Somewhere along the line, in the last 50 years, “The Environment” became a thing. In some organizations, it found a separate home from those engaged in otherwise doing stuff, that is, stuff that might hurt the environment. In the 90’s there was an effort to yard up all research on “environmental problems” from different agencies and create a new National Institute of the Environment. But does it make sense to divorce “environmental” concerns from research on the human activities that produce environmental problems? Could that lead to talking past each other, “othering”, and so on?
The human activities include producing food, buildings, energy, products and so on. Certainly there are people in each group who work on and are concerned about the environment. For example, when I worked at USDA in research, there were the “Sustainable Agriculture” folks (which is not to say that the other research areas were “unsustainable agriculture.”) In our own humble world, we can look within departments and see people who have different views and perspectives on environmental choices.
It’s hard to imagine a human activity that doesn’t impact the environment. It seems to me that the effort is to work together to minimize the impacts by considering the social, economic and ecological consequences of alternatives, not just “no, don’t do that.” And environmental issues are complex and reasonable people and groups can disagree. For example, EDF is working on reducing methane from oil and gas, while other environmental groups think we should just get rid of oil and gas. It seems to me that somehow concern for the environment has gotten spliced into partisan rancor and hate. People are always explaining to me that that’s the fault of the Republicans, but it might be the fault of the internet (needs to provoke people to click for ad revenue, anger promotes clicking), or the demise of classified ads making the media more partisan and less interested in seeing both sides. I honestly don’t care who started it. I just don’t think we need it, and it’s not helping.
Anyway, this Earth Day, I’d like to give a shout out to our some folks that seem mostly unsung and unseen, and invisible in many forums this Earth Day. Natural resource professionals – fisheries, wildlife, forestry, watershed, and all the rest. Folks who work for the feds, the states, other governments and the private sector. We depend on your professionalism and care for much of what happens on our land, at the earthiest of the Earth level. Thank you all!
Well stated. I agree with you.
James Watt was pre-internet.
(Someone pointed out recently that “Happy Good Friday” was an inappropriate greeting. After what we’ve done to the Earth, “Happy Earth Day” feels kind of the same.)
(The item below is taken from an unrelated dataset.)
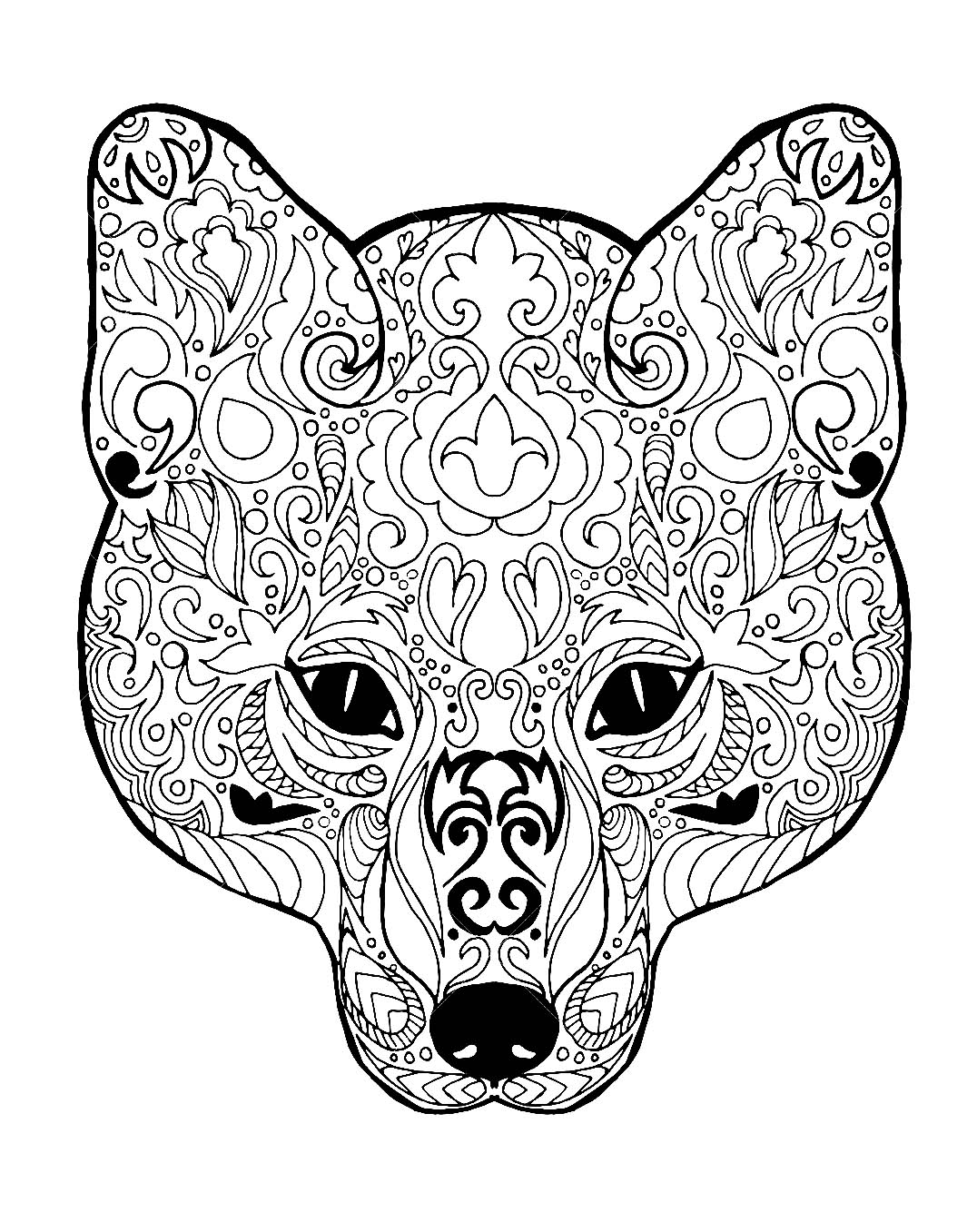  Fox  head with patterns Foxes  Adult  Coloring  Pages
Michael Moore created his latest documentary called “Planet of the Humans” which he released for Earth Day. I don’t normally like everything put into his films, but this was the best one he has ever done EVER. It’s sobering how there really are no solutions and the average person has been conned into believing in these schemes. Watch all the way to the end of the credits where they check back with people and organizations they dealt with. seriously, all the way to the end.
Also more good interview videos where Moore discusses this documentary with the guy who narrates it.
Wow, what a shocking surprise. Well no not really. Nothing like calling for censorship to protect, coddle and cuddle your own favoured biased brand of Science.